EXERCISE GOAL
The answer must be an exact copy of the lines from the one with "Boucle de montre" through the final line below, with no pictures and nothing else.

DATA TO USE
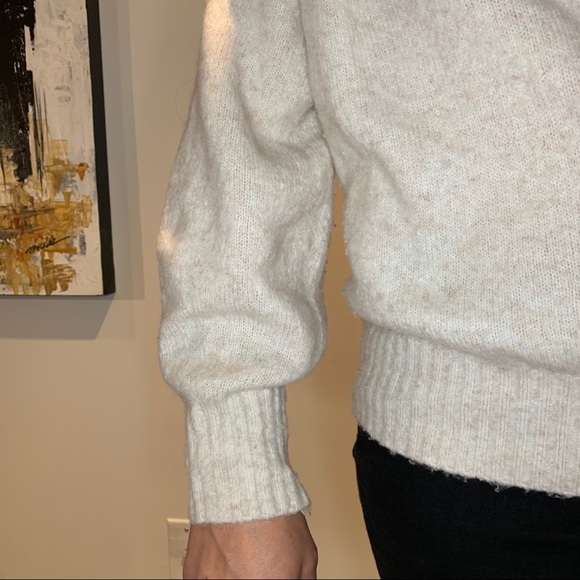 Cream Off-The-Shoulder Sweater - Picture 3 of 4
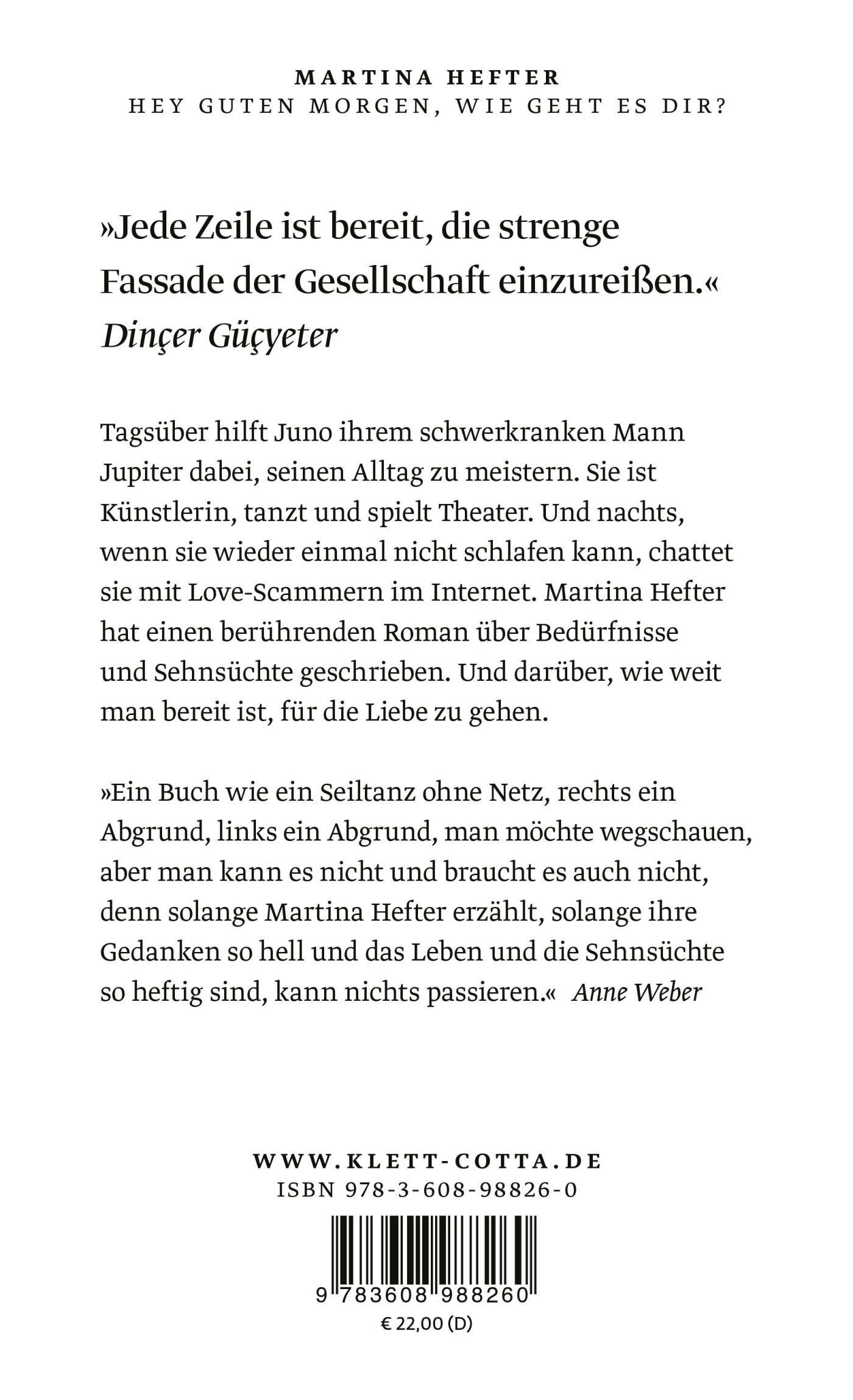 Hey guten Morgen, wie geht es dir? achterkant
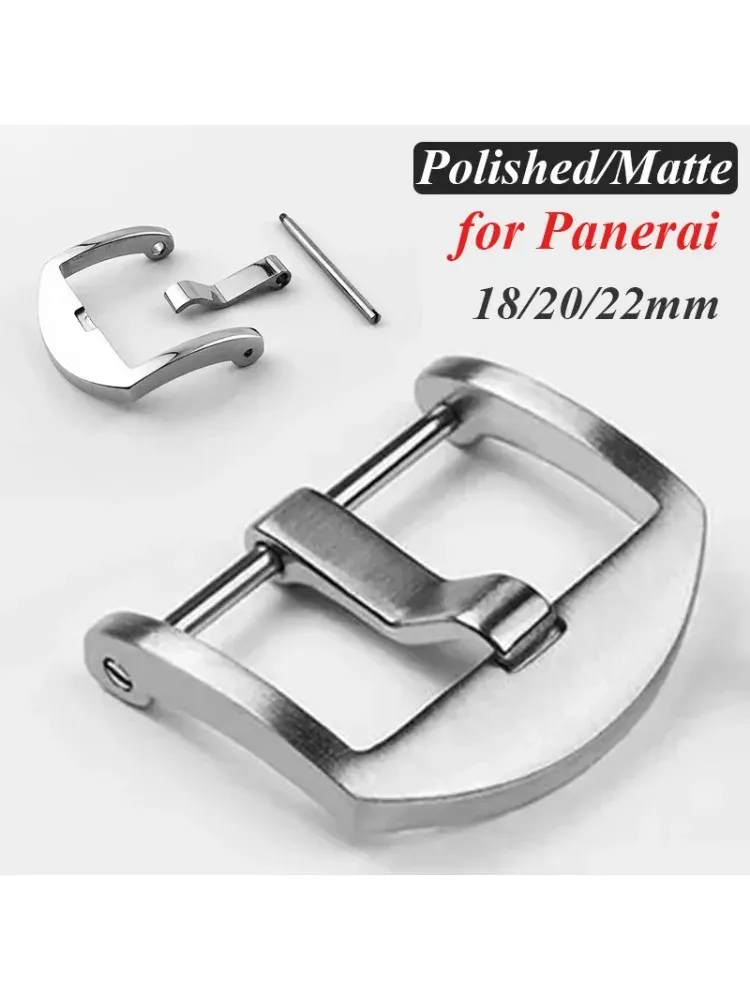 Boucle de montre acier inoxydable 18 à 22 mm mat ou poli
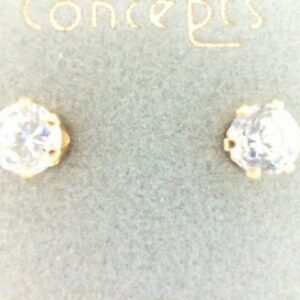 Elegant 5MM Cubic Zirconia Earrings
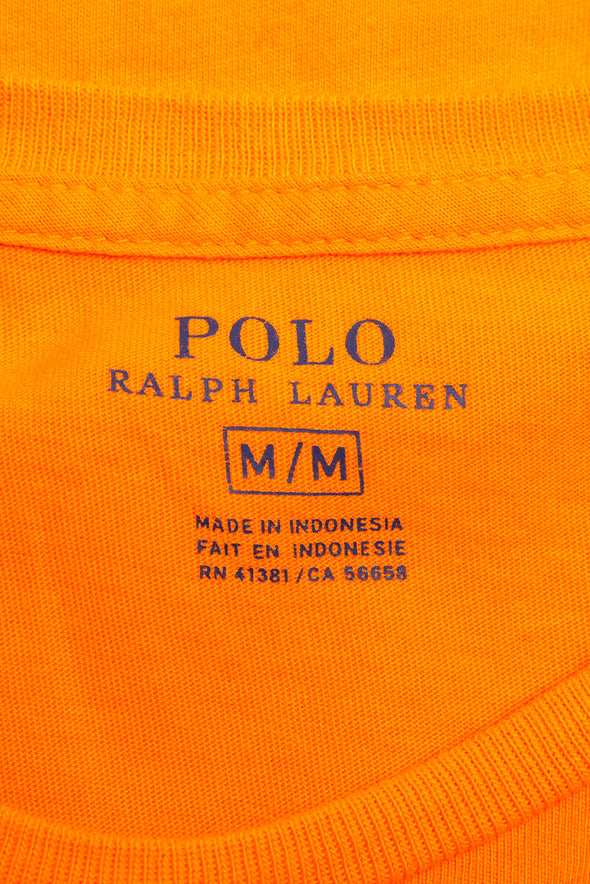 Orange Ralph Lauren Logo T-Shirt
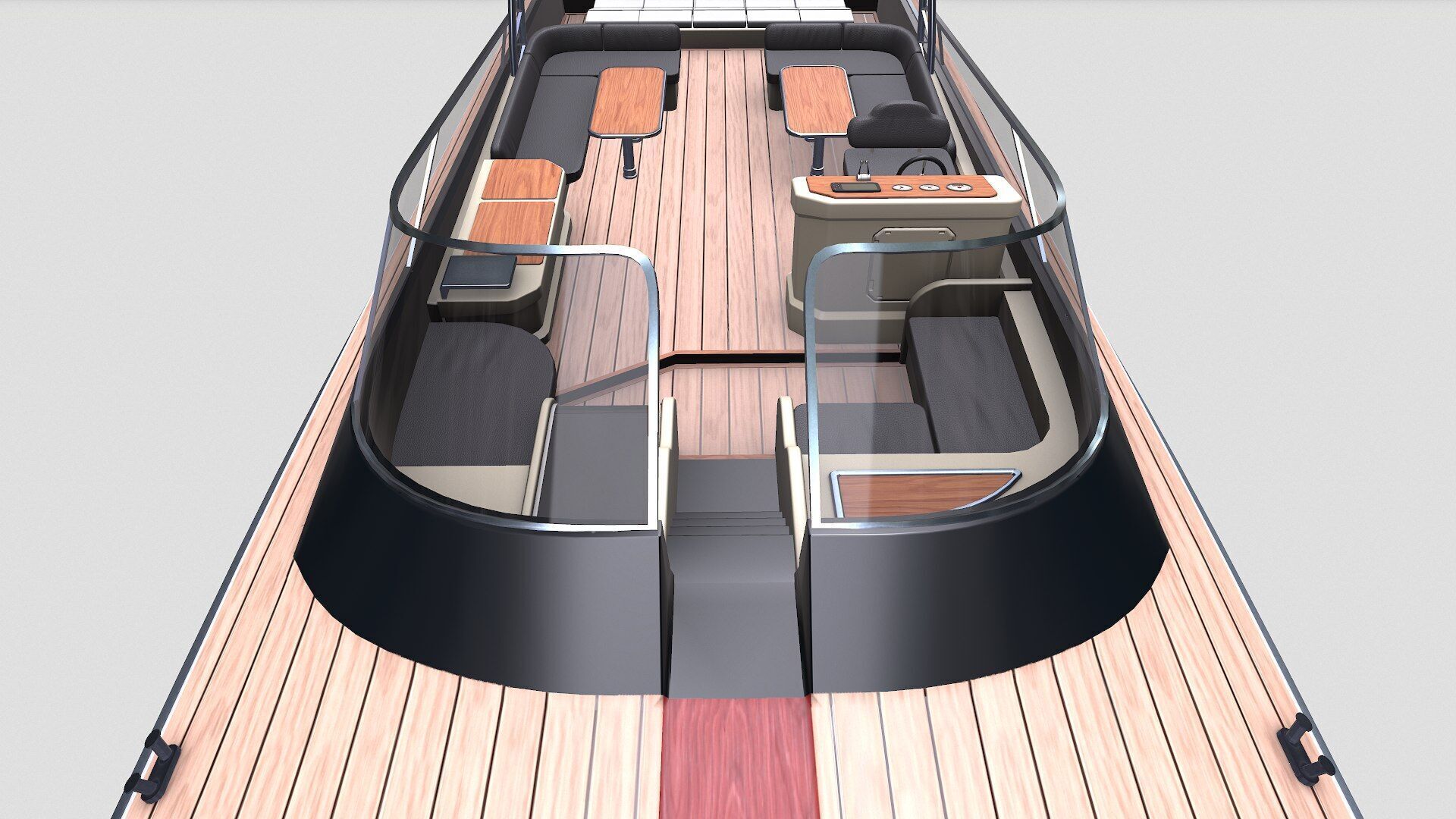 Luxury Boat Low-poly PBR Low-poly 3D model_42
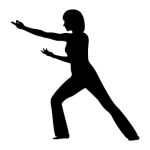 Tai Chi girl silhouette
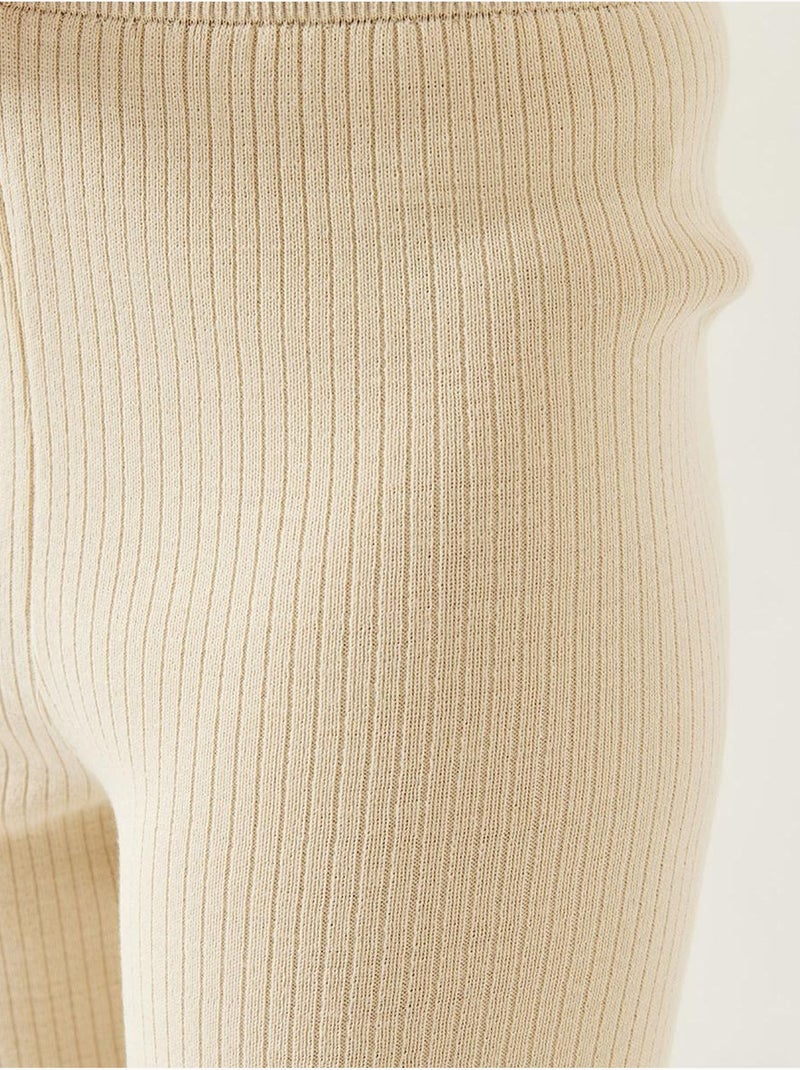 Completo due pezzi a maniche lunghe lucci Beige argilla - Kiabi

SOLUTION FOR THIS TASK
 Boucle de montre acier inoxydable 18 à 22 mm mat ou poli
 Elegant 5MM Cubic Zirconia Earrings
 Orange Ralph Lauren Logo T-Shirt
 Luxury Boat Low-poly PBR Low-poly 3D model_42
 Tai Chi girl silhouette
 Completo due pezzi a maniche lunghe lucci Beige argilla - Kiabi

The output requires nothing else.